Allianz CP boucle son troisième investissement dans les infrastructures
Allianz Capital Partners (ACP) a finalisé mercredi son troisième investissement dans les infrastructures. Après une première acquisition réalisée en 2009 dans le domaine des horodateurs à Chicago, la plate-forme d’investissements alternatifs d’Allianz a finalisé une prise de participation, via un consortium, de 24,1% dans le réseau gazier norvégien Gassled.
Réalisée via une holding, détenue à 40% par le fonds de pension canadien CPPIB, à 30% par ACP et à 30% par Infinity Investments, l’opération valorise la participation, détenue auparavant par Statoil, à 17,3 milliards de couronnes norvégiennes (2,3 milliards d’euros). ACP avait déjà réalisé seul un premier investissement dans Gassled, finalisé le 24 janvier. L’opération, qui portait alors sur 6,4% du capital détenu par Total, était valorisée 4,6 milliards de couronnes.
Alors qu’ACP travaille actuellement sur plusieurs dossiers, l’entité ferait partie des candidats en lice pour le rachat du réseau gazier d’E.ON, indiquait mi-janvier une source proche du dossier citée par Reuters. Interrogé par L’Agefi, ACP a indiqué ne jamais commenter les rumeurs ou les opérations en cours.
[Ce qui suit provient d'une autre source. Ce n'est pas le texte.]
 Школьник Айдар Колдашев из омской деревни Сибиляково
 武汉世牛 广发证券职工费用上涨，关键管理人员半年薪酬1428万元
ACP «axera ses investissements sur les infrastructures dans les prochaines années», a indiqué Rainer Husmann, directeur général d’ACP, précisant que cette classe d’actifs offrait «des rendements stables relativement peu corrélés avec les risques des marchés de capitaux».
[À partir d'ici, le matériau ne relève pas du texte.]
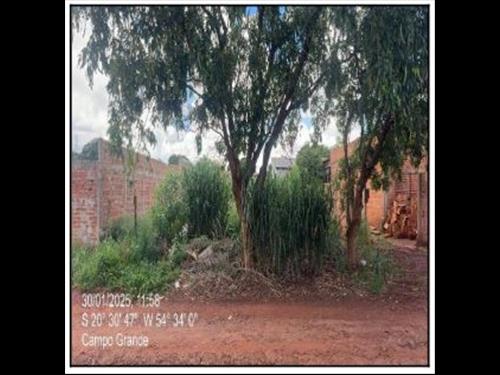 Terreno  -   - 360,00m2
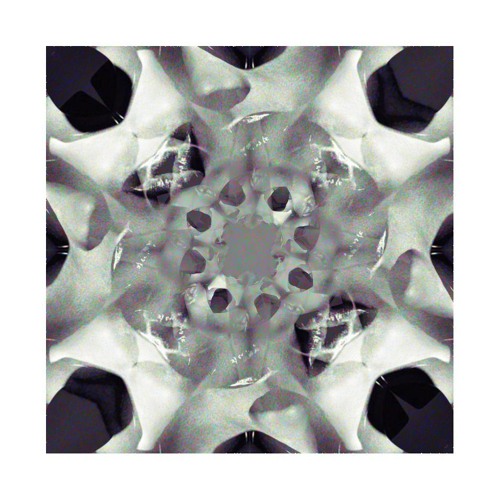 Börscht x Without The San - Forgetful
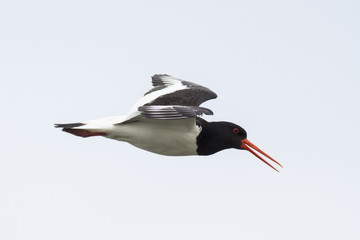 Flying Oystercatcher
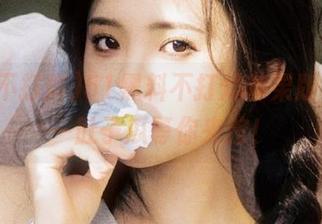 51黑料不打烊苹果版，带着一肚子瓜等你来挖！
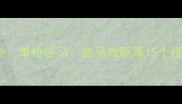 带马字的成语全单枪匹马独马难驱等15个经典成语及用法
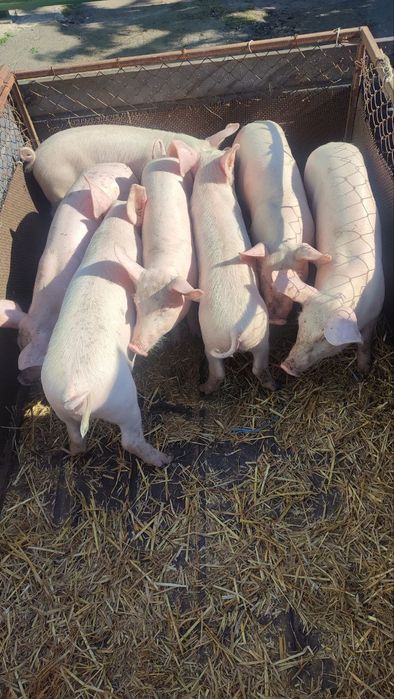 Продам маленьких поросят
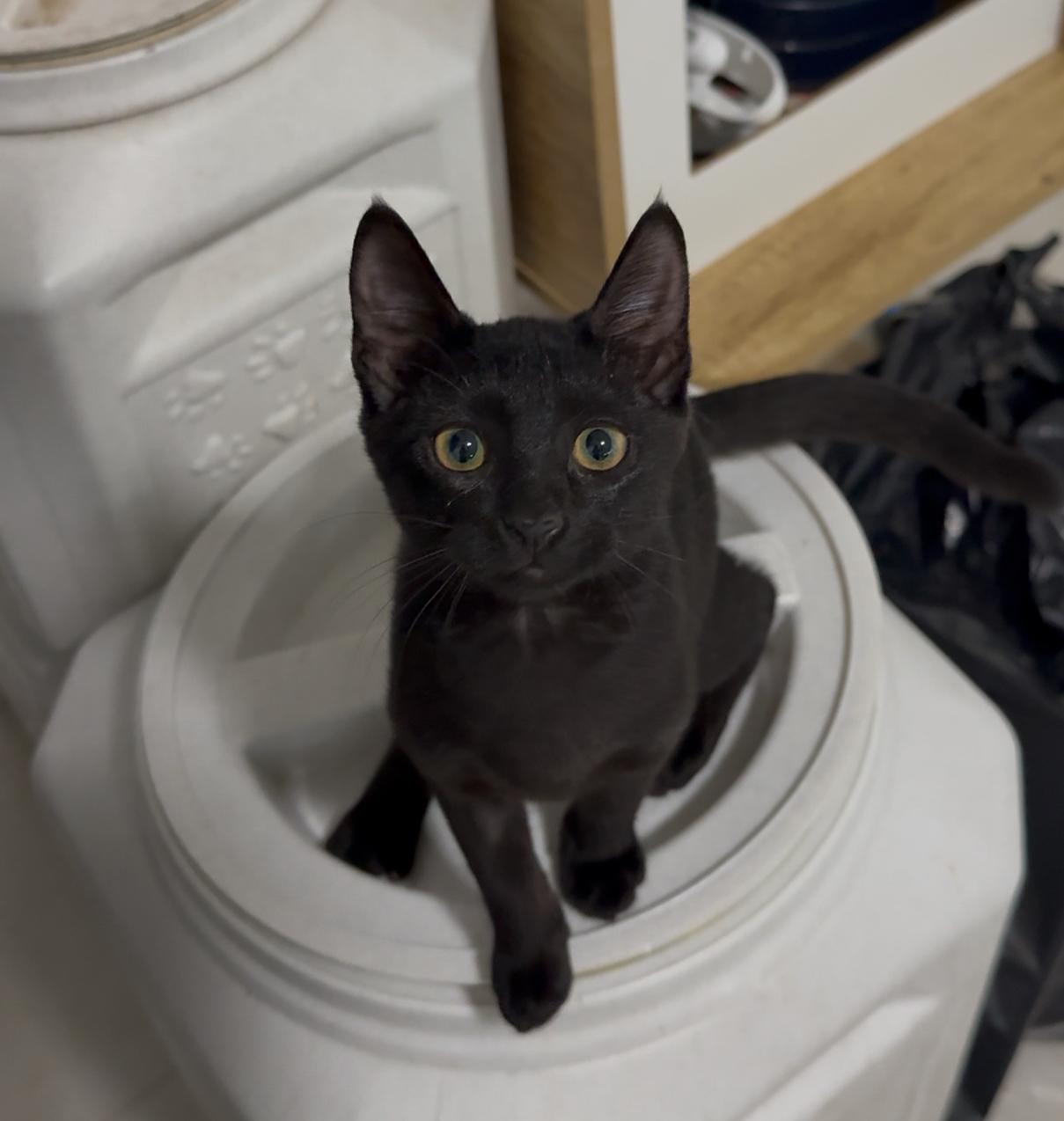 Enlarge Abra, a Adoptable mixed breed in Providence, RI image 2/4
ACP, créée en 1998, est une filiale captive d’Allianz gérant quelque 8,5 milliards d’euros. L’entité dispose d’une branche dédiée à des investissements indirects dans le capital investissement et d’une branche directe. Cette deuxième branche présente trois activités que sont le capital investissement (depuis 1998), les énergies renouvelables (depuis 2005) et les infrastructures (depuis 2008).
Dans cette dernière classe d’actifs, ACP réalise des prises de participation comprise entre 20 et 50%. La filiale d’Allianz privilégie les actifs d’infrastructure matures (brownfield) situés en Europe centrale et occidentale, et plus particulièrement les réseaux énergétiques et gaziers ainsi que les réseaux de transport. ACP, qui ne se fixe pas de durée de détention, cherche à conserver ses actifs sur la durée de la concession, pouvant aller jusqu’à 75 ans comme dans le cas de l’investissement réalisé à Chicago.